Task requirements
Reproduce the entries shown below only from the line with "植物花朵矢量元素(896x1236)" down to the line with "Vista 5 de F", keeping both end lines and copying each one exactly.
-- Opening Marker --
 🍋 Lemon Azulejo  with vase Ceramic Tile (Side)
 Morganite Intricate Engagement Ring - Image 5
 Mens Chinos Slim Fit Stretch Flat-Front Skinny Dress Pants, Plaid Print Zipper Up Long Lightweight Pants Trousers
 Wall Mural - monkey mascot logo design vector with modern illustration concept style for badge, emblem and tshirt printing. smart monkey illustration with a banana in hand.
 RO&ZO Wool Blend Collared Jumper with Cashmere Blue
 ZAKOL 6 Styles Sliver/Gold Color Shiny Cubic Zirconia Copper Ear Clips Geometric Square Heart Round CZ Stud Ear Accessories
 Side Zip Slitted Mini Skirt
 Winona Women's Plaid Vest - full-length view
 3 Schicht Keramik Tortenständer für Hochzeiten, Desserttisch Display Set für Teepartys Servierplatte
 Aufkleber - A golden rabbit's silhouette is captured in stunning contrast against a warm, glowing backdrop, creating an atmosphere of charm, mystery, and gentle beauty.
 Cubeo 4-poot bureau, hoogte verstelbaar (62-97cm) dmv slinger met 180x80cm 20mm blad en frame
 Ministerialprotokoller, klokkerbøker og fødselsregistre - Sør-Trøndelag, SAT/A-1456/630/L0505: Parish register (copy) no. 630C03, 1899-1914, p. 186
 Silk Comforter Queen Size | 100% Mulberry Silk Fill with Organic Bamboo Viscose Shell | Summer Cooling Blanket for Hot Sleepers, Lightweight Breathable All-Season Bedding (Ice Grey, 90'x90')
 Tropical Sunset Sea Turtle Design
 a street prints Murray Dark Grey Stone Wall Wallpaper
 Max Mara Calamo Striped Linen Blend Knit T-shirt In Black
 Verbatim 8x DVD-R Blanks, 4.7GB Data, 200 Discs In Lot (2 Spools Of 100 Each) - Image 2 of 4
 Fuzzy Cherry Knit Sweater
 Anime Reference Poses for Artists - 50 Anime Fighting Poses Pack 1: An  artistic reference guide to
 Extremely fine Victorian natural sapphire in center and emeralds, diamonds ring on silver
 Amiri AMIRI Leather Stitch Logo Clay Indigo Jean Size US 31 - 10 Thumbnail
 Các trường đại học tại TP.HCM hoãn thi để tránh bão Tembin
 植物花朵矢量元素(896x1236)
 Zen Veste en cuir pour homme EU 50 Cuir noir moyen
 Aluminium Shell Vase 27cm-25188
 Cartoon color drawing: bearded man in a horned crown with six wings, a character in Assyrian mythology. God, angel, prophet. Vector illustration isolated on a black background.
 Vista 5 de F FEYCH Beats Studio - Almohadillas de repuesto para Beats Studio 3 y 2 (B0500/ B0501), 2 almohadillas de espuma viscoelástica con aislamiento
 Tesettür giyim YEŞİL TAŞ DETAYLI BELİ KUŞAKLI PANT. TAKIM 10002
-- Closing Marker --
Worked solution
 植物花朵矢量元素(896x1236)
 Zen Veste en cuir pour homme EU 50 Cuir noir moyen
 Aluminium Shell Vase 27cm-25188
 Cartoon color drawing: bearded man in a horned crown with six wings, a character in Assyrian mythology. God, angel, prophet. Vector illustration isolated on a black background.
 Vista 5 de F FEYCH Beats Studio - Almohadillas de repuesto para Beats Studio 3 y 2 (B0500/ B0501), 2 almohadillas de espuma viscoelástica con aislamiento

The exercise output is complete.